# Pros & cons of using Spyware



## Glaswegian

Sophisticated computer users for years have installed programs like key stroke loggers to view what others are doing on their computers. But what may have started out as something found only in the hacker realm has become more common with the pervasive use of the Internet.

Say, for example, you are the parent of a 13-year-old daughter who is working on a school project at home. She is researching the subject on the Internet while connecting with others through a messaging program. One of her online "friends" claims to be 15 but is really in his 40s. Over a few months, your daughter has had numerous communications with this man. So much so that her "friend" knows her cell number, where she goes to school and where she lives. Arrangements have been made to meet. 


http://www.law.com/jsp/legaltechnology/pubArticleLTN.jsp?id=1184317593035&rss=ltn


----------



## Kalim

Record all your screen activity, like me. :sayyes:


----------



## Go The Power

I have heard cases like these, there are actually some under cover police officers that do this, when they get enough information on the person , they start to follow the student home wot freak them out. And when there parents get home the police officer will tell the parents all about it chat, and most of the time it works and stops the students form doing it.

Do you always record the screen activity Kalim?


----------



## Ben

Some workplaces even record internet use, keystrokes, screen activity etc.


----------



## Kalim

Go The Power said:


> Do you always record the screen activity Kalim?

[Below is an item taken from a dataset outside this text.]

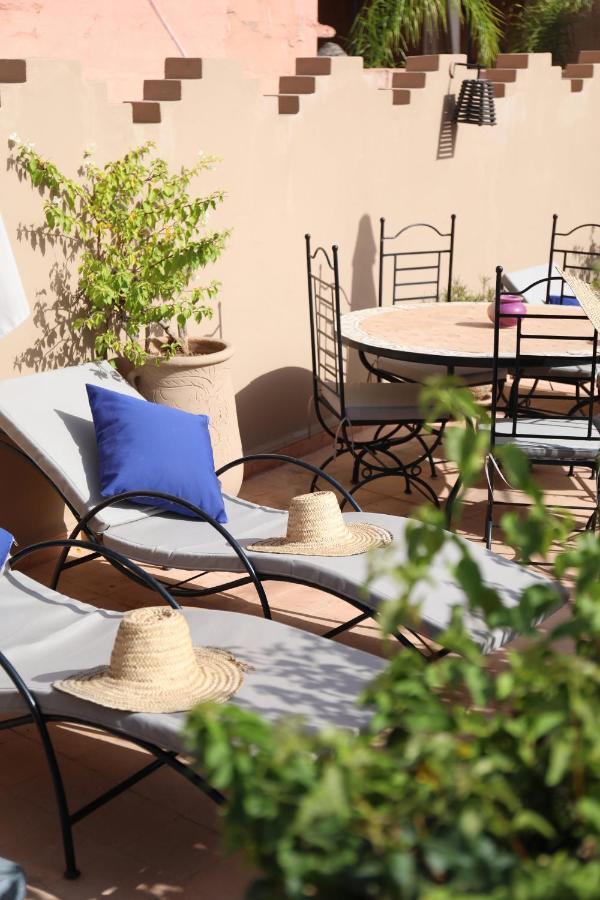 Riad Noor Charana Marrakesh Eksteriør bilde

Yes, on confidential systems, it's a policy. Home systems with nothing on or those I rarely use, it's not done on but I have various other security measures taken to cover up as much as necessary. Recording of room of equipment, it's surroundings and the screen activity is implemented 24/7, especially if I let someone other or a youngster use my system. When you start the PC (usually they're always running & I bar others from switching it off), you won't have an idea that your screen activity is being recorded by the PC as a video file (Task Manager will not display it, and Process Monitor and Process Explorer I've disabled for other users) for me to access later, placed inside an invisible AES-Blowfish-Serpent-Twofish (etc) algorithm encrypted container volume using SHA-2 RIPEMD-Whirpool (etc) hash algorithms,, which only I know the key file and password/s to, and that recording file once reaching the 100MB limit, is broken into 5 segments (split) and emailed to my account. And so on. :1angel:


----------



## 1 g0t 0wn3d

*** is the point?


----------



## Go The Power

Kalim said:


> Yes, on confidential systems, it's a policy. Home systems with nothing on or those I rarely use, it's not done on but I have various other security measures taken to cover up as much as necessary. Recording of room of equipment, it's surroundings and the screen activity is implemented 24/7, especially if I let someone other or a youngster use my system. When you start the PC (usually they're always running & I bar others from switching it off), you won't have an idea that your screen activity is being recorded by the PC as a video file (Task Manager will not display it, and Process Monitor and Process Explorer I've disabled for other users) for me to access later, placed inside an invisible AES-Blowfish-Serpent-Twofish (etc) algorithm encrypted container volume using SHA-2 RIPEMD-Whirpool (etc) hash algorithms,, which only I know the key file and password/s to, and that recording file once reaching the 100MB limit, is broken into 5 segments (split) and emailed to my account. And so on. :1angel:


Very clever :smile:, So thats how screen recording works, I knew that it records the screen but I didnt know that much about it. thanks


----------